The investment limit per person per year for investments outside Nepal and Bhutan is 2.5 lakh US dollars.
What is the maximum amount an Indian resident can take outside India under the Liberalised Remittance Scheme?
An Indian resident can take up to 2.5 lakh US dollars outside India under the Liberalised Remittance Scheme.
What types of transactions are permitted under the Capital Account?
Permitted transactions under the Capital Account include ECBs, FDI, FPI, and investments in Nepal and Bhutan.
What is the borrowing limit for Indian corporations for working capital purposes in one financial year?
Indian corporations can borrow up to $10 billion US dollars in one financial year for working capital purposes, with a minimum maturity period of 3 years.
What is Double Taxation Avoidance Agreement (DTAA)?
Double Taxation Avoidance Agreement (DTAA) is an agreement between two countries to avoid double taxation, where an individual or company is required to pay taxes for the same income or transaction in both countries.
Why does double taxation occur?
Double taxation occurs due to overlapping tax laws and regulations in different countries where an individual or company operates their business.
How is double taxation relieved?
Double taxation is relieved through tax agreements, known as treaties or Double Taxation Avoidance Agreements (DTAA), between the countries involved.
What is the need for Double Tax Avoidance Agreement (DTAA)?
The need for DTAA arises to avoid double taxation and prevent tax evasion when an individual or company conducts business in a foreign country and ends up paying taxes in both the country of income and the country to which the company belongs.

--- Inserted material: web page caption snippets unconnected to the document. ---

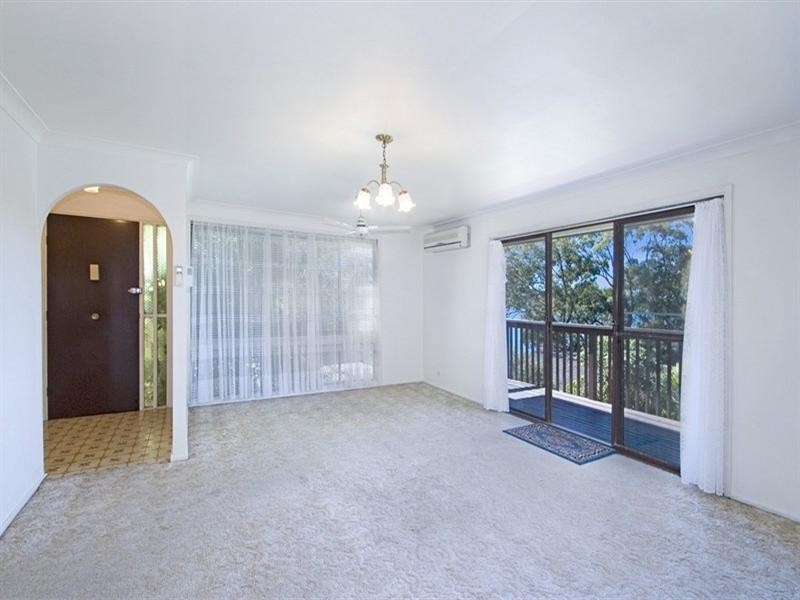 37 Coogee Road, Point Clare NSW 2250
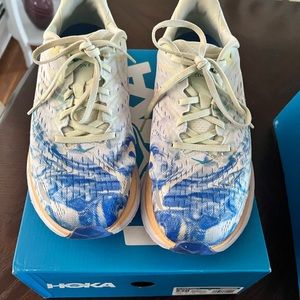 HOKA Clifton 8 running sneakers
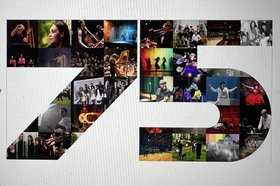 die Zahl 75 bestehend aus vielen kleinen einzelnen Fotos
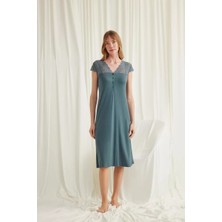 Moda Şahsenem Kolu Omzu ve Yakası Dantelli Önü Düğmeli Gecelik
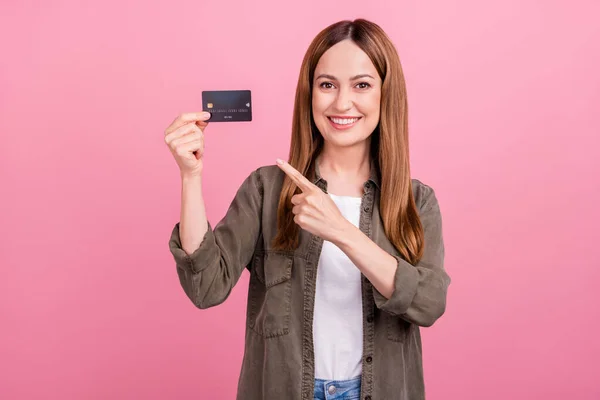 Foto av glada unga dam peka finger kreditkort bank betala annons välja föreslå isolerad över rosa färg bakgrund — Stockfoto
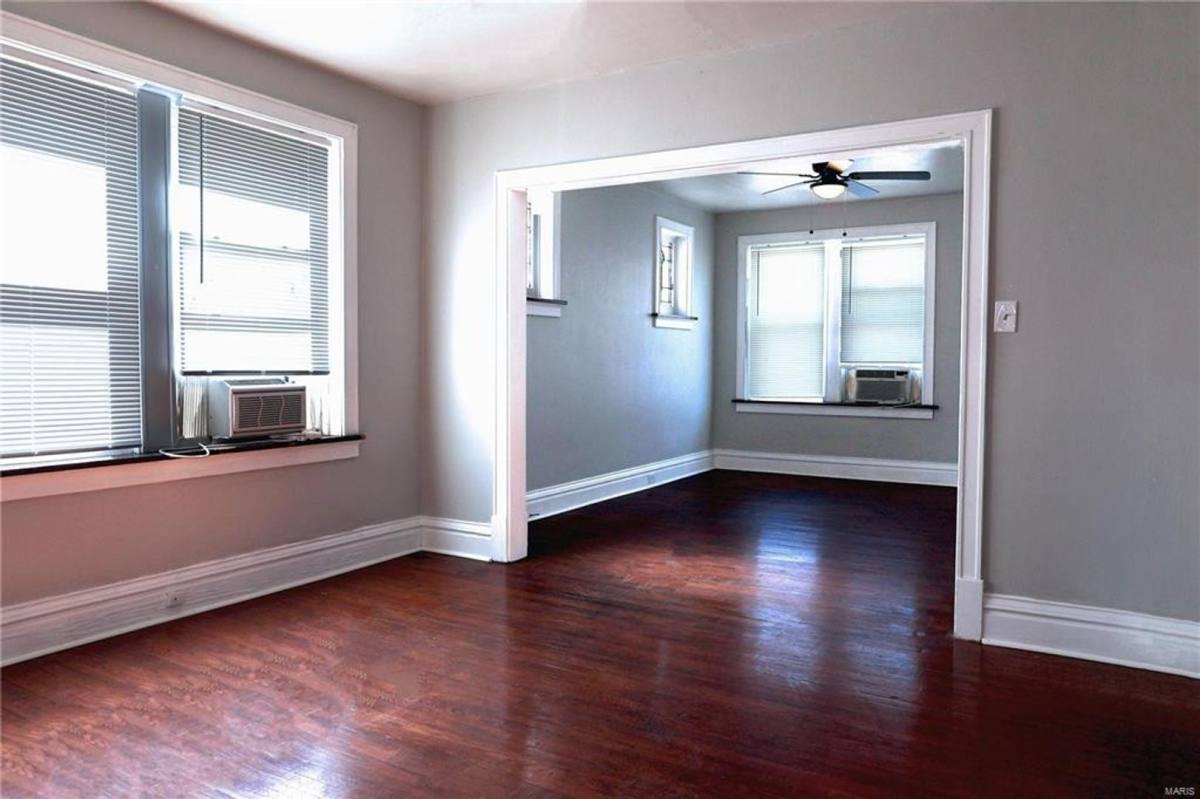 Apartment for rent at 4915 4917 Lindenwood Ave, Saint Louis, MO 63109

Why is the collection of taxes globally considered improper?
The collection of taxes globally is considered improper because it can lead to double taxation, which creates a burden for individuals or companies operating internationally.
How does DTAA help in preventing tax evasion?
DTAA helps in preventing tax evasion by providing a legal framework for determining tax liabilities and avoiding double taxation, thereby ensuring that companies do not resort to tax evasion methods.
What information does DTAA provide to both countries involved?
DTAA keeps both countries well-informed about the activities of a company in the source country, helping to maintain transparency and prevent tax evasion.
What is the purpose of a Double Taxation Avoidance Agreement?
The purpose of a Double Taxation Avoidance Agreement is to eliminate or reduce the incidence of double taxation, promote international trade and investment, and provide clarity on tax obligations for individuals and businesses operating in multiple countries.
What problems can arise without a Double Taxation Avoidance Agreement?
Without a DTAA, individuals or companies conducting business in multiple countries may face double taxation, resulting in increased costs and potential tax evasion.
How does DTAA benefit individuals and businesses operating internationally?
DTAA benefits individuals and businesses operating internationally by providing relief from double taxation, ensuring fair taxation, promoting cross-border trade and investment, and maintaining transparency in tax matters between countries.